L’album minimale di Toro Y Moy è la nuova fatica di uno degli artisti più interessanti sulla scena internazionale, la sua evoluzione in “Boo Boo” punta direttamente alle radici, bagnate da un’acqua pura e limpida che riscopre essenzialità e puntualità . Proprio di questa sostanzialità che si ha bisogno nel mese di luglio, dove non c’è spazio per complesse sfumature eccessivamente barocche.
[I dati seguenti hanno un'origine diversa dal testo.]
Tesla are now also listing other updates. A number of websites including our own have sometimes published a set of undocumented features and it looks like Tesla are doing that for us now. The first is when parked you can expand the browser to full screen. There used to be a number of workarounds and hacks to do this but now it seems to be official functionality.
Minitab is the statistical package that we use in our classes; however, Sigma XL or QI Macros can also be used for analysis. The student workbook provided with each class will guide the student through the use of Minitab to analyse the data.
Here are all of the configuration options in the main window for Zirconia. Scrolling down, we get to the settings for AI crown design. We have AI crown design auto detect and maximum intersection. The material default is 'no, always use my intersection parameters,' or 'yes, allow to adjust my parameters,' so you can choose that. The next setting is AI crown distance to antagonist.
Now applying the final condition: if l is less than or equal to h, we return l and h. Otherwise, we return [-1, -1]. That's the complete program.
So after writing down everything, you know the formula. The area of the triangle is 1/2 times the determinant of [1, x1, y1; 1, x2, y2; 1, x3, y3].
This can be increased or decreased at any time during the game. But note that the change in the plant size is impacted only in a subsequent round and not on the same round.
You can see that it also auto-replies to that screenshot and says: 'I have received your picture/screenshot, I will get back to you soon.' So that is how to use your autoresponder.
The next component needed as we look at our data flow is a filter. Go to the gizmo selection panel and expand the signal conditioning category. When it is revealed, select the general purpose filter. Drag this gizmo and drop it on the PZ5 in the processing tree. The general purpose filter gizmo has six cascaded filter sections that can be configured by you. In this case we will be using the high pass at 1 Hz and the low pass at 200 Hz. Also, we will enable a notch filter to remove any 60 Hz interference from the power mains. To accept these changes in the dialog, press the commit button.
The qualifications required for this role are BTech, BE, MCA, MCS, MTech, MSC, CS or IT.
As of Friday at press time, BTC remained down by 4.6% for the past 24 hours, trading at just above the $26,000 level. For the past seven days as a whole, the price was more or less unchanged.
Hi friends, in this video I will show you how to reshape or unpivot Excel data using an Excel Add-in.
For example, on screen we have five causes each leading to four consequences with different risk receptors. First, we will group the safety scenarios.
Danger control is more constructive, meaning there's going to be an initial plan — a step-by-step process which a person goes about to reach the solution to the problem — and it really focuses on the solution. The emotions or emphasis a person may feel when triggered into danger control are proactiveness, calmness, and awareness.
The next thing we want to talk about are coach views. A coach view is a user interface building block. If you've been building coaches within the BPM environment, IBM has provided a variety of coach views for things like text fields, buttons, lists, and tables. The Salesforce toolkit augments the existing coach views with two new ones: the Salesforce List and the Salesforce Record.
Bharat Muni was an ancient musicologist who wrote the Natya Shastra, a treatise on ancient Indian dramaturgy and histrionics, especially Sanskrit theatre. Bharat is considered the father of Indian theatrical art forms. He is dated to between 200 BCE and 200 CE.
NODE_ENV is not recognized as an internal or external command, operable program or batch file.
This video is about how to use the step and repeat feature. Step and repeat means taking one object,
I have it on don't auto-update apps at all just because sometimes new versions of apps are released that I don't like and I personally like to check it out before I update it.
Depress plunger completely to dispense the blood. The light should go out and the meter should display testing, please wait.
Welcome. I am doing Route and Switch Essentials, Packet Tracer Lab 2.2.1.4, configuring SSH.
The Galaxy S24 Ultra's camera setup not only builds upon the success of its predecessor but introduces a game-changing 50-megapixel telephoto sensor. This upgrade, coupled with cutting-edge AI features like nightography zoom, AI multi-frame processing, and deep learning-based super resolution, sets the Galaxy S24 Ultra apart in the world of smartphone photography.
Il suo stile è semi-religioso: ascoltando questo disco mi si sono aperte nelle mani delle immagini delle opere di Corita Kent, suora eccentrica e artista, che nel corso degli anni si è affermata, prima di morire nell’ “’86, come una vera rivoluzionaria nella sua Chiesa, dal punto di vista artistico.
Chaz Orso fa proprio questo, parte da un movimento che ormai sta sfociando nell’eccesso e nella
ridondanza dei suoni e lui vuole farlo tornare alla sua purezza originaria. Il suo è un insieme di beat che si incastrano come delle corone di un rosario: è come vedere delle anziane che cantano in Chiesa, “Boo Boo” è una processione di contemporaneità .
“Boo Boo” è uno strumento semplice per capire l’attuale panorama musicale che appare rigoglioso, ricco di idee.
Dalla “Halo”, appena uscita con un nuovo lavoro, a questo disco tutto appare incredibilmente fresco, la sensazione nell’ascolto è la stessa provata davanti ad un mojito, che alla fine quando ti sale ti fa sudare fino a farti essere felice.
“Don’t Try” è uno dei pezzi che nascondono al meglio l’essenza religiosa e mistica di questo disco, e anche in Labyrinth c’è un profondo rispetto di queste atmosfere pacate e ben pensate.
Un poeta statunitense ha scritto: A poem should be palpable and mute/As a globed fruit, le canzoni di “Boo Boo” sono palpabili, ben riconoscibili e anche loro in un certo senso mute, rispettose. Toro Y Moy dall’alto della sua poliedricità tecnica ha tirato fuori un album impossibile da non ammirare, come un quadro di Caravaggio, è catalizzante, perfetto.